Submitted by: Eileen Marshall
Serving Size: 8/10
|3 filets||chicken breast filets sauteed in oil (or 3 cups cooked chicken)|
|2 package||refrigerator biscuits|
|3 cups||shredded cheese, any flavor, divided|
|1 1/2 cups||peas, frozen|
|3||green onions, chopped|
|1 can||cream of celery soup, undiluted|
|1 1/2 cups||sour cream|
|to taste||salt and pepper|
- Preheat oven to 350˚F. Cut up chicken in bite size pieces and sauté in oil. Set aside. In large bowl, mix the sour cream until smooth. Add the beaten eggs ½ cup at a time and mix until blended.

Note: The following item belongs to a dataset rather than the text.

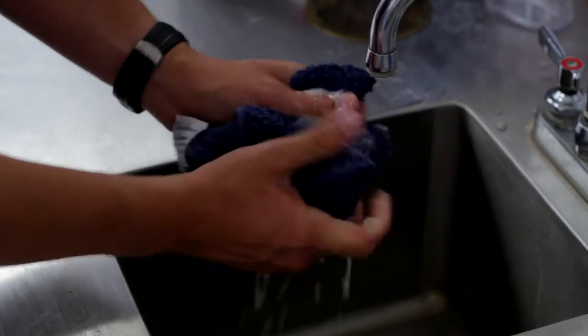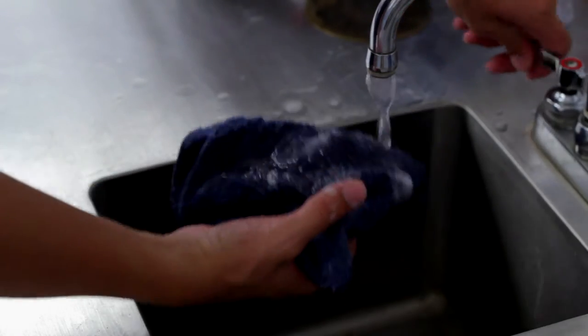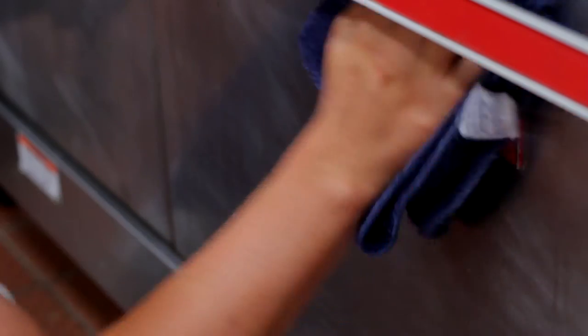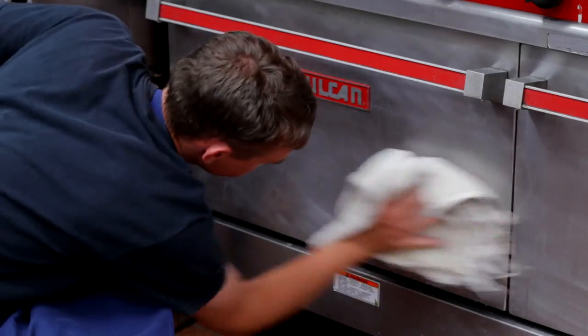Once you feel the stove top has been cleaned, take a new washcloth and soak it in water. Now remove the soap by rubbing the wet washcloth over the stove. Then pat dry with a clean dry towel.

Add cream of celery soup, mixing until well blended. Add the cooked chicken, corn, onions, and mushrooms and mix well. Add the peas and cheese (reserving at least ½ cup of the cheese for the top) and gently mix in.
- Pour mixture into a greased 10 x 14 pan. Arrange the biscuits on top of the mixture, gently pushing each one down halfway into the mixture. Sprinkle with the remaining cheese.
- Bake for 35 minutes, then cover and bake at 370˚F until the mixture is done, about 30 to 35 minutes more or until all liquid has been absorbed. Serve warm with fruit.